Le soutien prodigué par le gouvernement Netanyahou aux habitants des implantations israéliennes sises en Cisjordanie considérées comme illégales est une incongruité qui entrave sérieusement la perspective d’un règlement négocié du contentieux israélo-palestinien, estime Simon Epstein.

“C’est acceptable que le gouvernement Netanyahou soutienne le développement des implantations situées dans les grands blocs de colonies qu’Israël veut absolument conserver dans le cadre d’un éventuel accord de paix avec les Palestiniens, en échange d’une rétrocession d’autres pans de territoires. Le problème est que, sous la pression de son extrême droite, le gouvernement Netanyahou encourage aussi le développement des implantations officiellement considérées comme illégales. Des colonies qui ne reposent sur aucun fondement légal. Cette politique ne peut mener qu’au scénario noir d’un État binational où, à long terme, sur le plan démographique, les Juifs seront minoritaires.
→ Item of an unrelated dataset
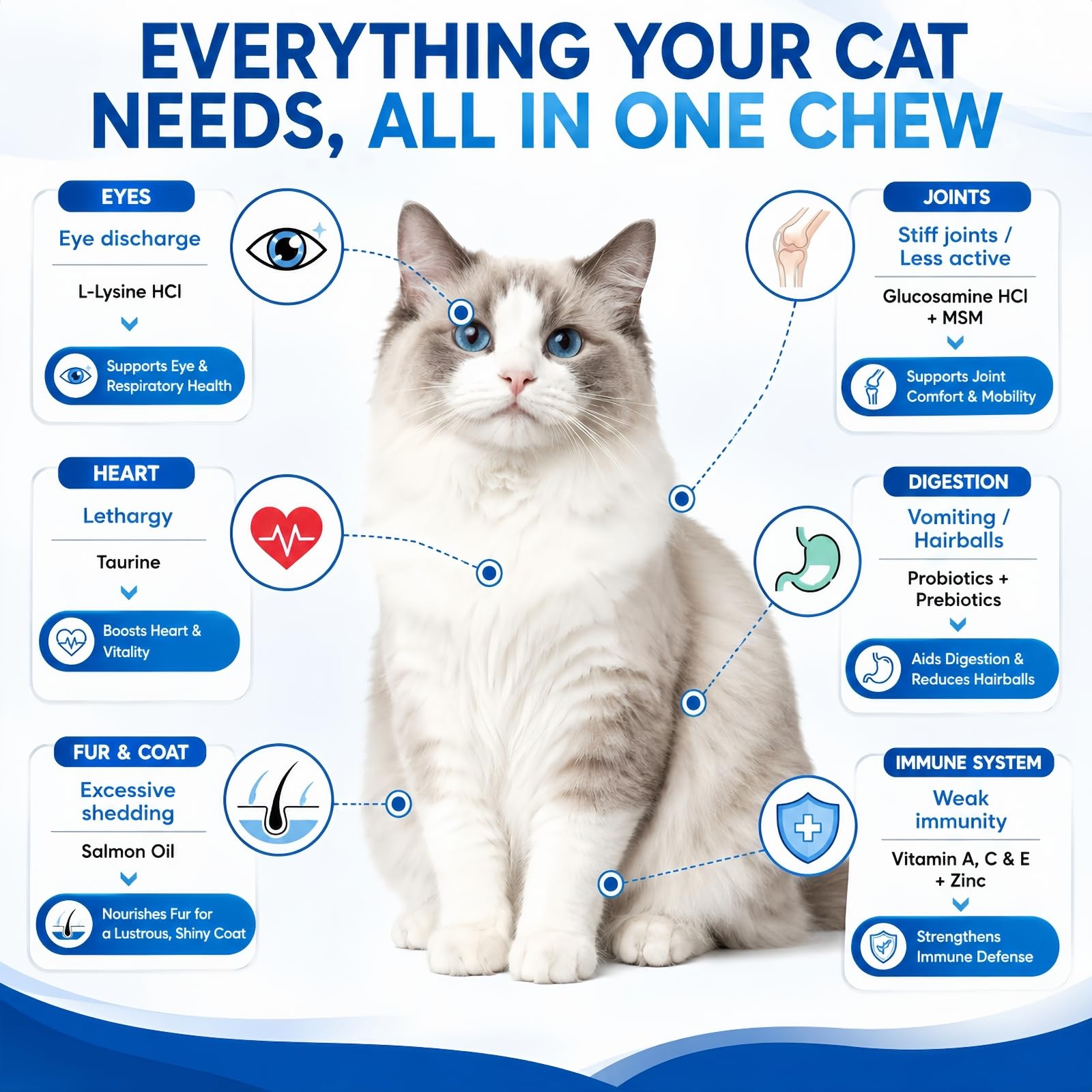 Cat Multivitamin Treats 26-in-1 Taurine for Cats with Lysine Turmeric MSM Glucosamine Omega for Immune Support, Skin & Coat Health, Hip, Joint, Heart, Eyes, Cat Vitamins for Indoor Cats — Amazon image 3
Un scénario aberrant que la majorité des Israéliens récusent. Le sionisme voulait un État juif et non un État binational.”

À la veille de la célébration des 70 ans d’Israël, quel regard Simon Epstein porte-t-il sur son pays?

“Ce que les Israéliens ont accompli en l’espace de 70 ans est fondamental. Le peuple juif avait urgemment besoin de son indépendance pour assurer la pérennité de son identité, sa sécurité et son développement culturel. Les Israéliens ont bâti leur État, avec beaucoup de succès, dans des conditions qui n’étaient pas faciles. Ils sont parvenus à intégrer plusieurs millions d’immigrants provenant d’une kyrielle d’horizons culturels, à bâtir une économie moderne et performante, à faire renaître une langue, quasi morte, l’hébreu, vieille de plus de deux mille ans, à développer une culture qui rayonne aujourd’hui à l’échelle mondiale dans divers domaines: littérature, art, cinéma…”

Cependant, ajoute-t-il, des nuages sombres planent toujours sur Israël sept décennies après sa création: le conflit avec les Palestiniens, la menace iranienne…

“Mais, le plus grand défi auquel Israël fait face aujourd’hui est certainement sa capacité à demeurer un État juif. Après tout, c’était l’objectif central du sionisme”, rappelle Simon Epstein.

Un autre défi majeur auquel la société israélienne est confrontée: les inégalités socioéconomiques.

“Aujourd’hui, Israël est l’une des sociétés capitalistes les plus inégalitaires du monde occidental. Le fossé entre riches et pauvres ne cesse de se creuser. Il y a trente ou quarante ans, Israël était l’une des sociétés les plus égalitaires du monde occidental avec une très grande classe moyenne. Environ 80 % des Israéliens faisaient alors partie de cette catégorie sociale.”